Colors Studies – What does that mean?

A color study is used to explore colors in relationship to each other. Often Abstract paintings are only color studies. It is an arrangement of colors to understand how they look together, what emotion they create and how one likes one color with another color. Does it create depth? Does it bring calmness? It is dramatic? Is it boring?

 Color studies can be practice for larger, more serious paintings. Often, they are the painting itself. With colors studies you can test combinations of different colors against each other. Some famous artists used these to create masterpieces.

 Often started with large strokes, one simplifies the effort to eliminate intricate brushwork, designs or edges.  Values are not used in these studies. There is little design….just color. From these studies you can identify the strongest, most vivid color, the hues of colors and the colors that are important for your vision. The colors you have identified can then be used in a more significant painting, if desired.

 You can paint the same painting with different combinations of colors to see how the painting expresses itself. Is it a high-key painting or a low-key painting? Is the subject painted on a sunny day or in twilight? They will be dramatically different.

 Multiple color studies are often done of the same subject to explore different arrangements. Sometimes it may be used to test slight variations of the initial color study. For example, you might want to test high-key and low-key variations of a color study.

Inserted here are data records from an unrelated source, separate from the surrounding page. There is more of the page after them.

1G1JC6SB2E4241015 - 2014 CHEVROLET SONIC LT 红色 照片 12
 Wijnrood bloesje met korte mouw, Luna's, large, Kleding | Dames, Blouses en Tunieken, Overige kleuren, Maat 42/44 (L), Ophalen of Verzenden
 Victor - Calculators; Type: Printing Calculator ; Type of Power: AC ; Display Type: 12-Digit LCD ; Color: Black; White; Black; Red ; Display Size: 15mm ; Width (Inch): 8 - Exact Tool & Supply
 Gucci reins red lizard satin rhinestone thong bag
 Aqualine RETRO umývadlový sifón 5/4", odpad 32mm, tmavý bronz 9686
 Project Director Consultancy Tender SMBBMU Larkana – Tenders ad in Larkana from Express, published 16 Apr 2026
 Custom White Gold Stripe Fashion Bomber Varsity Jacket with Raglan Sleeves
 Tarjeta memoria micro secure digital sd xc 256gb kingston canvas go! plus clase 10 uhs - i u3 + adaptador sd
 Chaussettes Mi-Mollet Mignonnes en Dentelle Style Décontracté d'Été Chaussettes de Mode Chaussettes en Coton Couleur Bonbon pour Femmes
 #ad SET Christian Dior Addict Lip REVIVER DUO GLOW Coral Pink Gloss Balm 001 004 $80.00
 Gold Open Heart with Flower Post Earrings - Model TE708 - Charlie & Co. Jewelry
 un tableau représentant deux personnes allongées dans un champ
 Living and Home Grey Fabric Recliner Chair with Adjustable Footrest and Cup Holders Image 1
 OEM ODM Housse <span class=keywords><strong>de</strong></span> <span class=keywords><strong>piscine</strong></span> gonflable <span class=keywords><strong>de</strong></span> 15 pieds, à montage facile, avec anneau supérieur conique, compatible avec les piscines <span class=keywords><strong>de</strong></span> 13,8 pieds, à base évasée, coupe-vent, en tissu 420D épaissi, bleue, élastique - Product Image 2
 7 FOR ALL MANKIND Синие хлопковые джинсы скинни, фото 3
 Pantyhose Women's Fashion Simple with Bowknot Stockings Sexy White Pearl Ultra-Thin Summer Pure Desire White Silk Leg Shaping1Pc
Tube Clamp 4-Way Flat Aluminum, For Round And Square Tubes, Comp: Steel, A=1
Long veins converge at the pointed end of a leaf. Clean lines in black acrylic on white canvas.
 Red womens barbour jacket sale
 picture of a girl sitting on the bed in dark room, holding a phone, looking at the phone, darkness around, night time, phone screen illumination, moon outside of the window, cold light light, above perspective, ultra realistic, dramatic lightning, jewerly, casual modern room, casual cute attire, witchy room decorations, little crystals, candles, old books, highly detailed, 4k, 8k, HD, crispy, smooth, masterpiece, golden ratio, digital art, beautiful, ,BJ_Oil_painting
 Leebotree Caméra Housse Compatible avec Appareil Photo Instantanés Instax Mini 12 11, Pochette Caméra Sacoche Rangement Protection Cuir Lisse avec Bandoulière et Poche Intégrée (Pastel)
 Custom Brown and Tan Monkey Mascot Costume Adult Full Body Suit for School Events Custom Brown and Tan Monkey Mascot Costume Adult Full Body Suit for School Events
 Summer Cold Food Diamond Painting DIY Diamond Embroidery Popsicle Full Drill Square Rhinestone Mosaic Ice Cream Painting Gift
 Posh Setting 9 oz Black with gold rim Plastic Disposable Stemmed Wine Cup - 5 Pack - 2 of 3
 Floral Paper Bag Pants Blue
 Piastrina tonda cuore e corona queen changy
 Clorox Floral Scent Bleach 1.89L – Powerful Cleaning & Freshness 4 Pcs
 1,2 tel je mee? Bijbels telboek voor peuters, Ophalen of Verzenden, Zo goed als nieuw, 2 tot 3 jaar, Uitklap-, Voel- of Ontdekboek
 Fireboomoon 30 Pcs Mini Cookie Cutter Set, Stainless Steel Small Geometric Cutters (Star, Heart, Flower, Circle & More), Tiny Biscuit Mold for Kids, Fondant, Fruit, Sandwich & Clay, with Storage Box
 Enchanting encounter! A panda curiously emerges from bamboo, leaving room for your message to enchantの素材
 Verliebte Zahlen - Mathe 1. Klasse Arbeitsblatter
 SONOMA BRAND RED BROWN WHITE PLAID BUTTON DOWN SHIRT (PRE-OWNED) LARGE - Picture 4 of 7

 The basic color study should be the main focus before you employ your choices paintings a scene. You can then progress into colors and shapes. There are many famous artists who employed the study of color in their paintings and in their instruction.

Artists like Wassily Kandinsky, Pablo Picasso, Marc Chagall, Charles Hawthorne, Piet Mondrian, Henri Matisse and more contributed to the field through their experimentations with warm and cool palettes, complementary colors and more.

 Henry Hensche taught at the Cape Cod School of art and was one of the most important teachers of color study. He studied under Charles Hawthorne and became an important impressionistic painter. He practiced the language of color, according to the website dedicated to his work, Henry Hensche Foundation.

 “Henry Hensche, an assistant to Hawthorne, perfected the concept of seeing and teaching color after Hawthorne’s death in 1930. Mr. Hensche taught and practiced thisvisual language of color from that first Summer in 1930 until his death in 1992.”

 Pablo Picasso adopted different colors when his emotions changed. “Colors like features follow the changes of emotions,” he said in the 1930s.

 You can combine different colors on one canvas to study how they look, as I did in this painting, Palm Beach. This was one of my first abstracts when I started to evolve and focus on abstract paintings.